Haiku considers OpenXML files (docx, pptx, xlsx) to be zip files

OK, I know that docx, xlsx and .pptx have a zip container, which is why Haiku is technically correct in assigning the application/zip mimetype to them. But this is highly impractical. How can I fix this?

Opening the file types app and adding the file extensions to the correct mime time to e.g. application/vnd.openxmlformats-officedocument.wordprocessingml.document has no effect. That is: Even after a reboot, tracker shows all files as Zip archives, regardless of their extension.

Also, right clicking a file and selecting “file types” from the context menu seems to affect only the current file and it involves a two-step process where I have to first manually change the mime type and second, if I am very lucky, I may have the chance to set the desired handler. But even this manual assignment doesn’t seem to survive reboots.

I’m almost certain that there must be another more practical way, or isn’t there? How does MacOS handle this? There, mime types are detected by content sniffing as well, so it should have the same problem.

2 Likes

File extensions mean very little on Haiku since we use MIME types in extended attributes.

This sounds like a bug.

What filesystem type are you working on? This manual assignment probably only works on BFS, as other filesystems don’t support typed extended attributes. (Or no extended attributes at all, e.g. FAT.) But it should work smoothly on BFS at least.

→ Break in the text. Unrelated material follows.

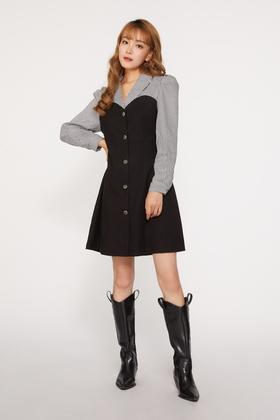 Le Malene 黑白格纹假两件式连衣裙 10029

We need MIME sniffing rules for these types. We have them for other zip-based formats like ODTs to distinguish them from .zips, so we just need them for DOCX and the like too.

1 Like

Then, why does the file types app allow to add extensions?

BeFS. I’m not aware that the installer accepts anything else. Does it?

I wasn’t aware that OpenDocument also uses a zip container. In that case, adding something similar for OpenXML should not be too difficult, and, maybe I’m naive, but I’m surprised that it hasn’t been done.

The zip sniff rule has a 40% confidence level when it find PK\003\004 pattern at file start:

Any sniffing rule with some extra pattern rule with higher confidence, like 50% for instance, will win over at mime type detection time.

That’s how the current OASIS open document files types sniff rules works over the default zip mime type:

It looks in the first 512 bytes for an extra pattern.

I guess something similar could be done for openxml files.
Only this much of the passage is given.